Visando coibir tais abusos o ordenamento jurídico prevê mecanismos de controle e responsabilização: o herdeiro que toma a iniciativa de abrir o inventário pode requerer para si o encargo de INVENTARIANTE, tornando-se o administrador oficial dos bens do Espólio. Uma vez nomeado, ele terá o dever de representar o Espólio, arrolar todos os bens e dívidas e, ao final, prestar contas de sua gestão. Se houver suspeita de que esteja ocorrendo dilapidação já há algum tempo e antes mesmo da adoção dessas medidas é plenamente cabível requerer a Ação de Exigir Contas em face do herdeiro que estava na administração de fato dos bens, para que este detalhe todas as receitas e despesas desde a data do falecimento. Uma vez comprovado o desvio ou dano, o herdeiro faltoso poderá ser responsabilizado com seu patrimônio pessoal pelos prejuízos causados ao Espólio.

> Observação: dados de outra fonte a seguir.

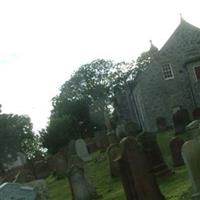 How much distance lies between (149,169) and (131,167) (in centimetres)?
48

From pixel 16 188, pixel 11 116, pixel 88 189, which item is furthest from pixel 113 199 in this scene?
pixel 11 116

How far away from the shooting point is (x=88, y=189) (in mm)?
19047

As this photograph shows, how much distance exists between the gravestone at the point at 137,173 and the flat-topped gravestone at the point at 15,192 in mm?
2466

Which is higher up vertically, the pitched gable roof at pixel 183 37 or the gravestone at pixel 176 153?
the pitched gable roof at pixel 183 37

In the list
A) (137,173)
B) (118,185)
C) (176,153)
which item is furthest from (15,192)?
(176,153)

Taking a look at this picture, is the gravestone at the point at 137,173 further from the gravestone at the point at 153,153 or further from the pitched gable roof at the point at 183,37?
the pitched gable roof at the point at 183,37

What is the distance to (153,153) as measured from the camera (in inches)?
742

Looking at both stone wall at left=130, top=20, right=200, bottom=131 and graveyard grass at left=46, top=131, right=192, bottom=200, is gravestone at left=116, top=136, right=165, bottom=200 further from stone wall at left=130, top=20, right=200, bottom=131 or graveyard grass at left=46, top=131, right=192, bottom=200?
stone wall at left=130, top=20, right=200, bottom=131

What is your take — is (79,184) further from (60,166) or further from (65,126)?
(65,126)

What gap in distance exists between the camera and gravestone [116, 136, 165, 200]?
1282 centimetres

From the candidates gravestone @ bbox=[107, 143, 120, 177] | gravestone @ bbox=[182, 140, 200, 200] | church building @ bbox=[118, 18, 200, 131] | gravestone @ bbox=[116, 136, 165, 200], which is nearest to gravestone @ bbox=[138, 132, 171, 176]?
gravestone @ bbox=[107, 143, 120, 177]

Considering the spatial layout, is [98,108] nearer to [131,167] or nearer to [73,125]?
[73,125]

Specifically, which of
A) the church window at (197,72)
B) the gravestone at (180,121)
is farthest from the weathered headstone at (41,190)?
the church window at (197,72)

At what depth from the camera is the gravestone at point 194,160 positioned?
1192 cm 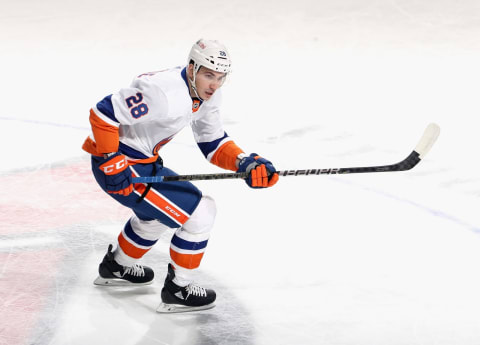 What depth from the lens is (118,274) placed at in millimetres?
3039

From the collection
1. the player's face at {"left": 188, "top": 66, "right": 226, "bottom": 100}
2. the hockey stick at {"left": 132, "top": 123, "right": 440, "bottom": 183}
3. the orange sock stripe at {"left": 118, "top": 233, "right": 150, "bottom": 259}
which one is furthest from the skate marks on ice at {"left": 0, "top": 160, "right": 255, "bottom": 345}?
the player's face at {"left": 188, "top": 66, "right": 226, "bottom": 100}

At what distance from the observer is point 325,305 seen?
2900mm

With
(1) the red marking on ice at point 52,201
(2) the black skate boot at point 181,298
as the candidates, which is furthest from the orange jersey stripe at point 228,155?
(1) the red marking on ice at point 52,201

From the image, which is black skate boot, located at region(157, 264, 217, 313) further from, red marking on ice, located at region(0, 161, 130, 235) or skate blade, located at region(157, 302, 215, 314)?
red marking on ice, located at region(0, 161, 130, 235)

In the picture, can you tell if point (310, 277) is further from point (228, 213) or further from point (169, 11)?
point (169, 11)

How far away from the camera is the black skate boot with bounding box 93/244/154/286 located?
119 inches

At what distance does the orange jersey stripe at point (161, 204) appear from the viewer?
2.72 meters

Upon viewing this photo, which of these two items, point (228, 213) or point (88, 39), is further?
point (88, 39)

Infelizmente num cenário assim de provável litigiosidade e suspeita de ocultação de bens, a VIA EXTRAJUDICIAL para a realização do Inventário, realizada diretamente em Cartório, se torna inviável, sendo necessário recorrer a um Processo Judicial. A ausência de consenso e o ambiente belicoso, que é a marca desse tipo de situação torna a via judicial a única e obrigatória solução, pois somente o Magistrado terá o poder de dirimir os conflitos.

Portanto a primeira e mais crucial medida a ser adotada pelo herdeiro interessado, uma vez verificado o risco de dilapidação patrimonial da herança, especialmente num cenário onde o Inventário não tenha sido aberto intencionalmente é contratar um Advogado Especialista em Direito Sucessório. Este profissional, baseado na cautela, muito provavelmente irá notificar os demais herdeiros para que se manifestem sobre a abertura amigável do Inventário. Não logrando êxito na solução amigável/administrativa, por certo haverá o ingresso imediato da Ação de Abertura de Inventário, com pedido de nomeação de inventariante. Cumulativamente, se houver provas ou indícios fortes de dilapidação, poderá ser requerida uma medida cautelar de arrolamento de bens, para que um oficial de justiça identifique e lacre os bens, garantindo sua integridade até o final do processo. Esta atuação proativa é o único caminho para cessar os prejuízos, responsabilizar os eventuais causadores de danos e assegurar a justa partilha da herança.